= Work required =
Every line below must be copied as written, except for pictures.

= Data =
..........
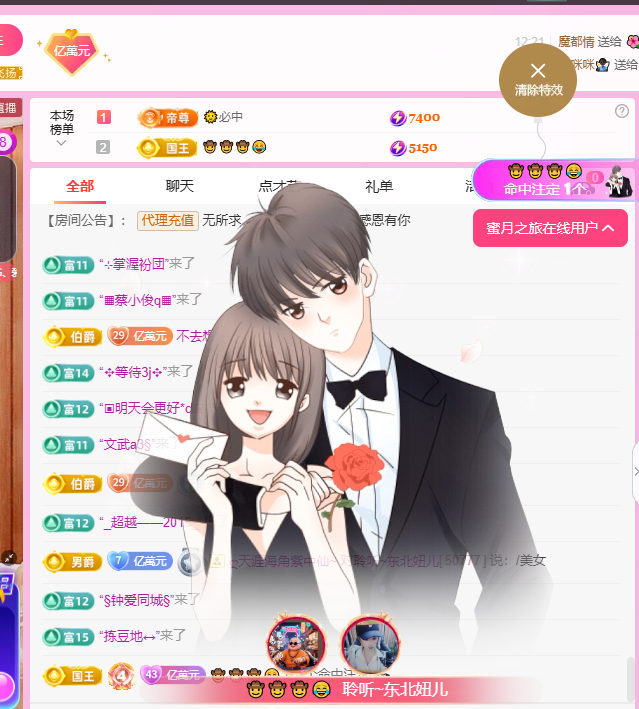 聆听~爱唱歌主播图片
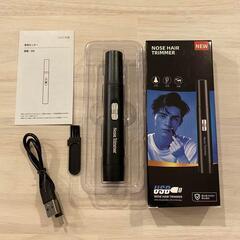 【新品未使用】鼻毛カッター メンズ type-c充電式 水洗い可能 低騒音 小型 電動の画像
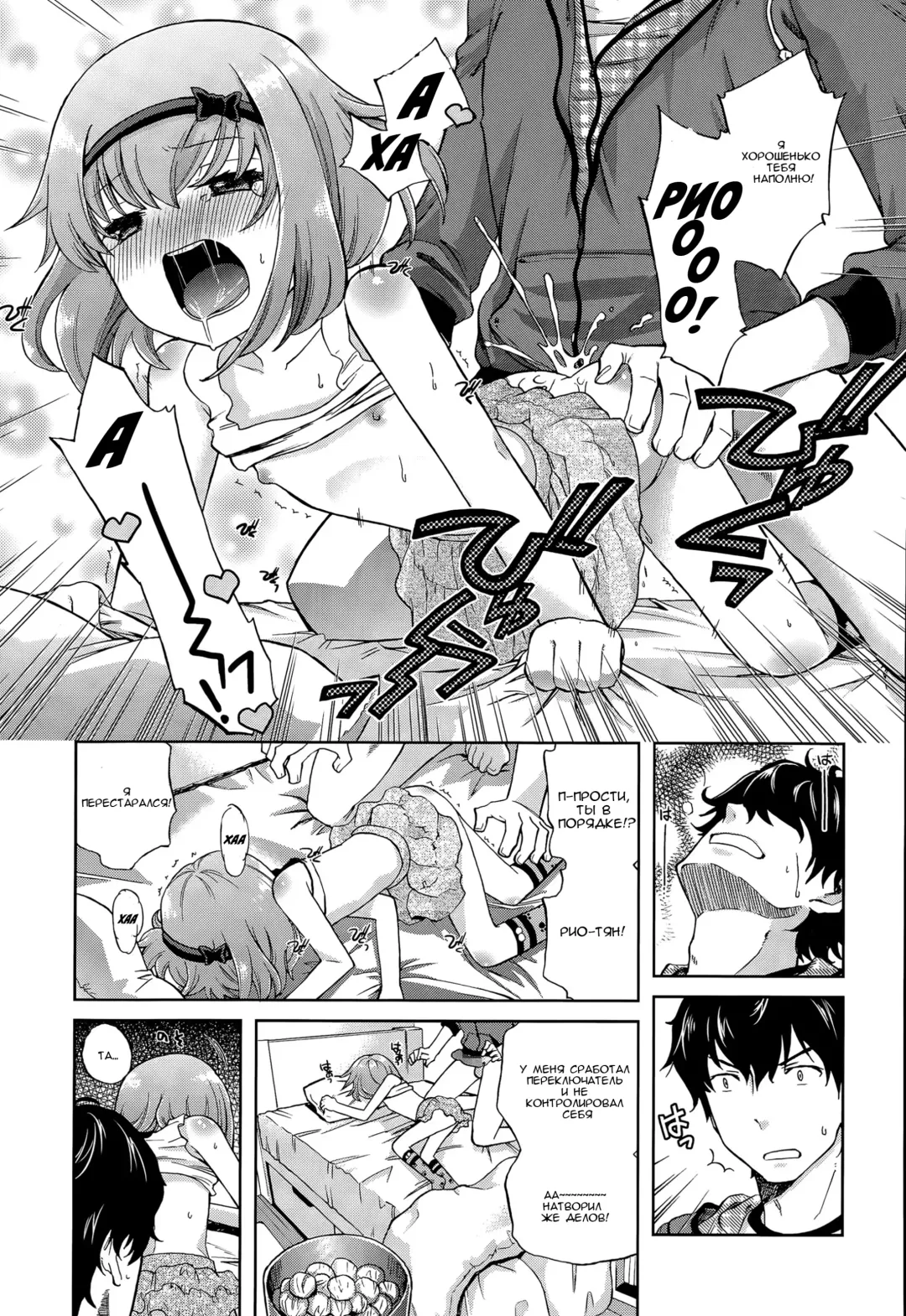 [Miyanogi Jiji] Onii-chan Quest Ch.1-2 Fhentai - Page 15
..........
= Solution to this exercise =
 聆听~爱唱歌主播图片
 【新品未使用】鼻毛カッター メンズ type-c充電式 水洗い可能 低騒音 小型 電動の画像
 [Miyanogi Jiji] Onii-chan Quest Ch.1-2 Fhentai - Page 15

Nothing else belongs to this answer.